Yolanda, tú no vas a venir a contarme a mí cómo debo usar mi tiempo. Mi tiempo, en realidad, es lo único que tengo.
A mí me parece salubre, Yolanda, que le restemos horas al trabajo, pero no al ocio. A mí me resulta interesante la propuesta de trabajar menos cobrando lo mismo: lo que hay que mejorar, está claro, son los turnos de esos trabajadores, que pueden y deben reducirse añadiendo más personal. Urge también dignificar sus sueldos añadiendo pluses por nocturnidad. Qué duda cabe.
Pero ¿con qué autoridad teje una representante política nuestros toques de queda? Yo ya tengo una madre, Yolanda, y hace mucho que dejó de ponerme hora para volver a casa. Contigo me siento una niña. Contigo me siento tutelada y gris. Por ti intentaré morirme en horario laboral, por no fastidiar a nadie. A ver si me sale.
Yolanda, sé bien lo que digo. Tú hablas desde el autoritarismo, yo hablo desde el centro de mi conocimiento y de mi corazón: soy hija y nieta de camareros y hosteleros.
En una ocasión escribí sobre mi educación, que es pura educación sentimental de bar. Yo he visto sudar sangre a los míos, les he visto envejecer sin coger vacaciones, les he acariciado las manos callosas y quemadas del aceite hirviendo.
He deseado que lo dejaran todo, que jugaran conmigo, que me ayudasen con los deberes, que estuviesen en todos mis cumpleaños. Mi madre habló siempre de una máxima en el oficio: cuanto más grande es la fiesta, más tienes que currar.
Yo he vivido, Yolanda, pendiente de las fiestas de los otros. Yo he visto la dignidad en la gente buena y currante que tuerce el lomo. Claro que hay cosas que cambiar, pero el tuyo no es el camino. Tú sólo juegas a epatar y a simplificar la vida hasta la ofensa y a hablarnos como un hada dócil de ideas chaladas.
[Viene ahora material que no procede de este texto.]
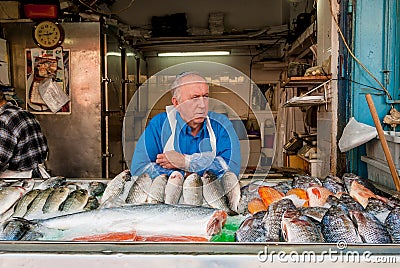 Fishnonger stall at market, Jerusalem Editorial Stock Photo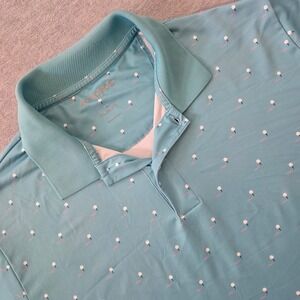 Bonobos Golf Mens Slim Fit Polo Shirt Blue Golf Tee Print Performance Large L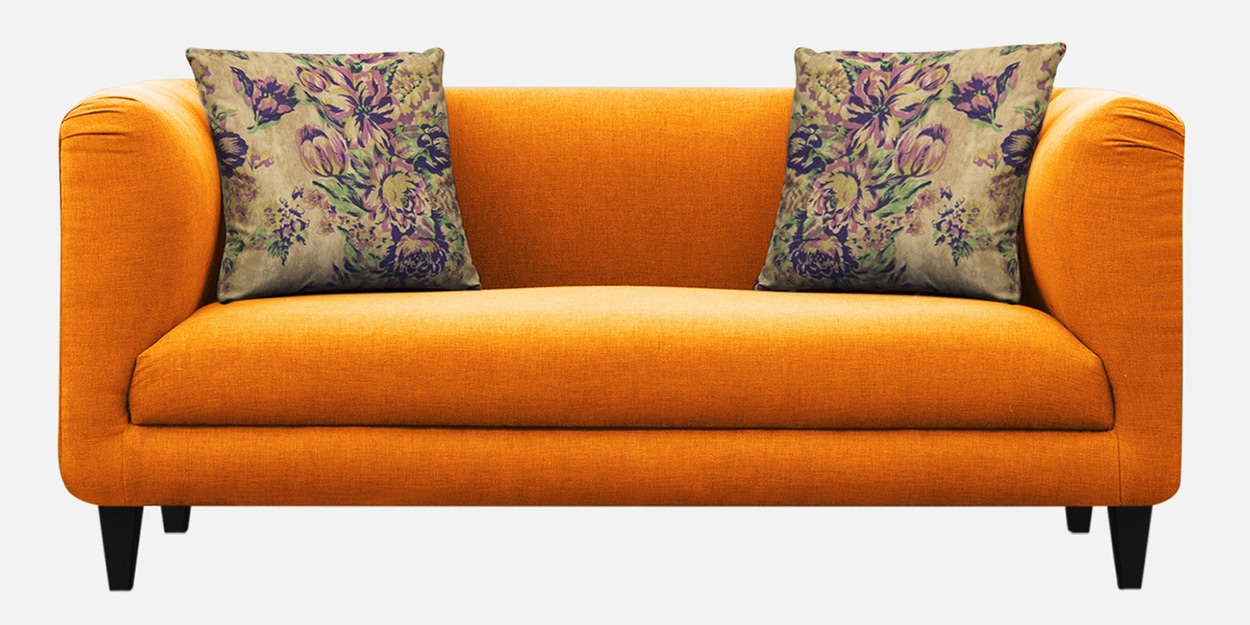 Buy Niki Fabric 2 Seater Sofa in Vivid Orange Colour by Febonic Online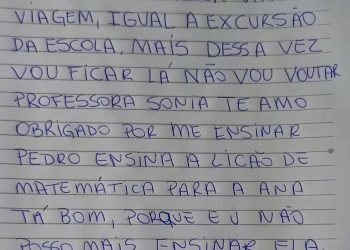 carta despedida menino com câncer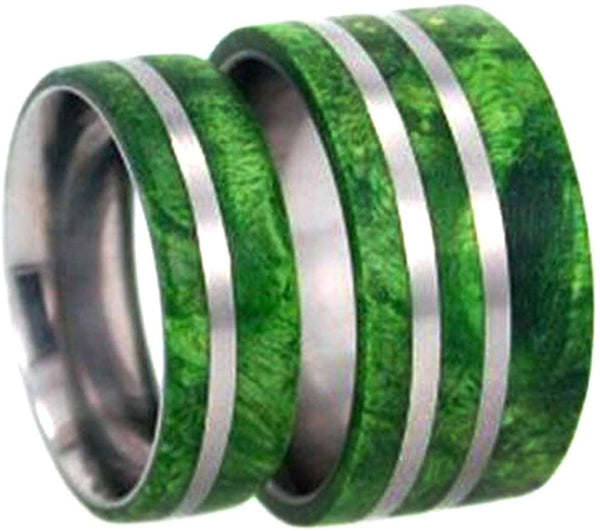 Green Box Elder Burl Wood Comfort-Fit Titanium His and Hers Wedding Band Set, M15-F6.5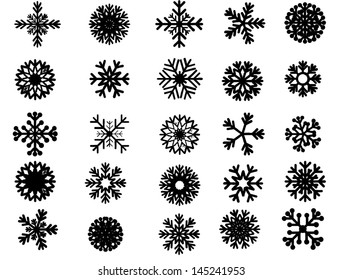  Grunge snowflake set vector illustration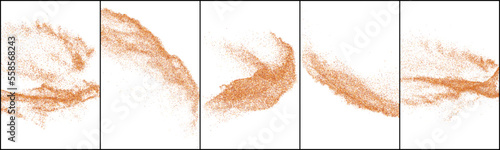 Set Of Abstract Sand Explosion Isolated On White Background. Digitally Generated Image. Vector Illustration, Eps 10.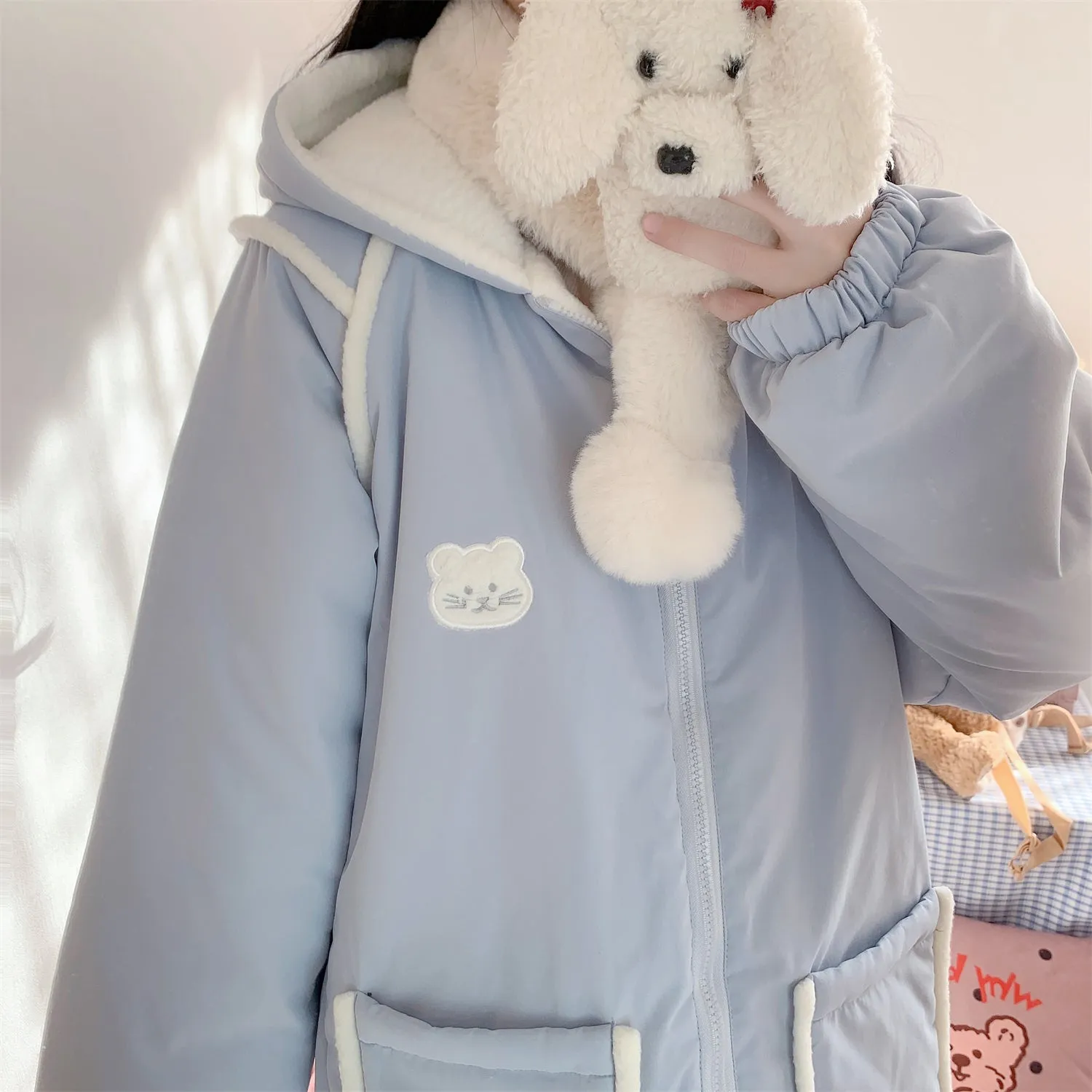 Cute Bear Kawaii Hoodie Zipper Coat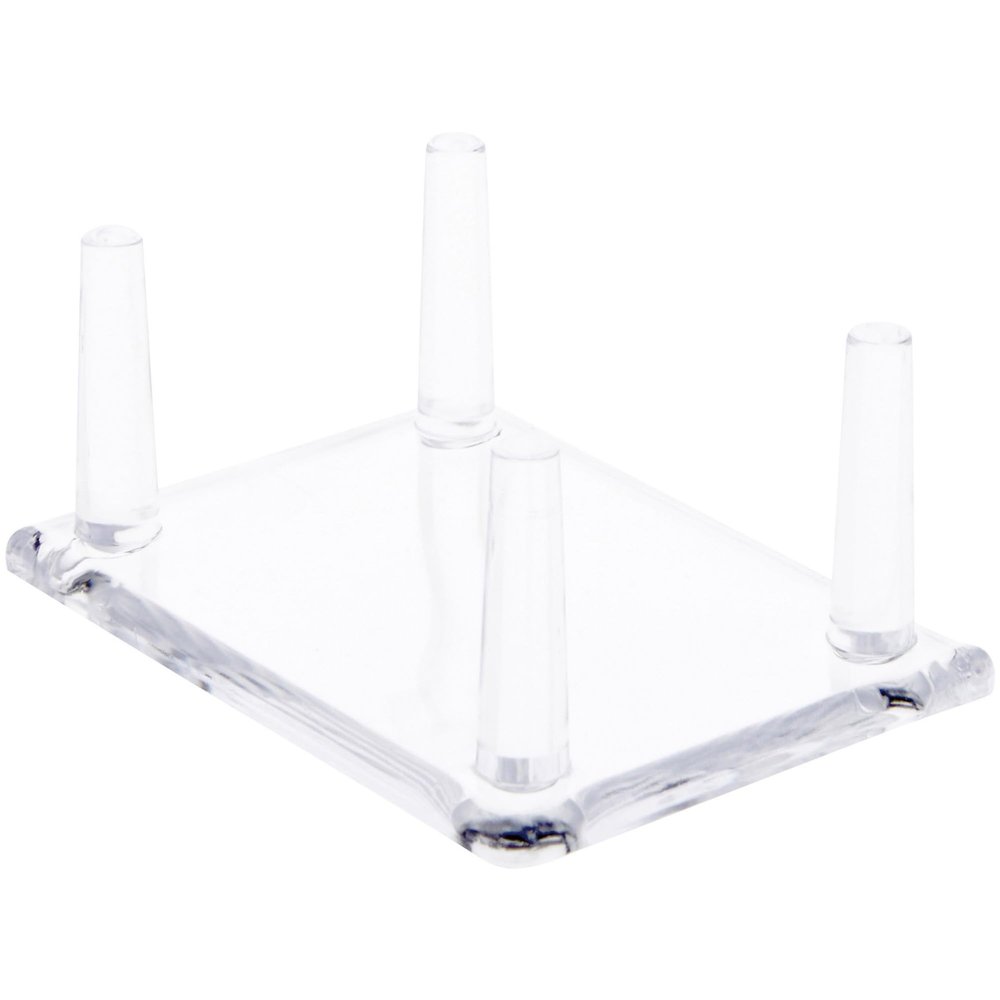 Plymor Clear Acrylic Rectangular Base with 4 Display Prongs for Geode, Mineral or Crystal Cluster, 1.5" H x 3.375" W x 2.5" D (6 Pack)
Yo he mamado que el bar es una filosofía. Capacidad de servicio. Un ansia inexplicable de cuidar al otro, de agasajarle, de hacerle sentir en casa, de poner al extraño por encima de ti.
Y yo he visto cómo se devuelve. Cómo se crea algo. Un patrimonio inmaterial. Un respeto profundo que tú no conoces y que no te esfuerzas por conocer cuando hablas de la hostelería como de un negocio cualquiera, desprovisto de cotidianidades y salvajes afectos.
En un bar no hay forasteros. Si regresas sólo una vez, ya eres familia. Un bar no te juzga. Un bar es amor. Y aunque mi familia fuera más o menos conservadora, nunca viví nada tan radicalmente de izquierdas como los años duros de euforia y entrega en los bares de barrio de Málaga. Toma nota de eso antes de volver a opinar.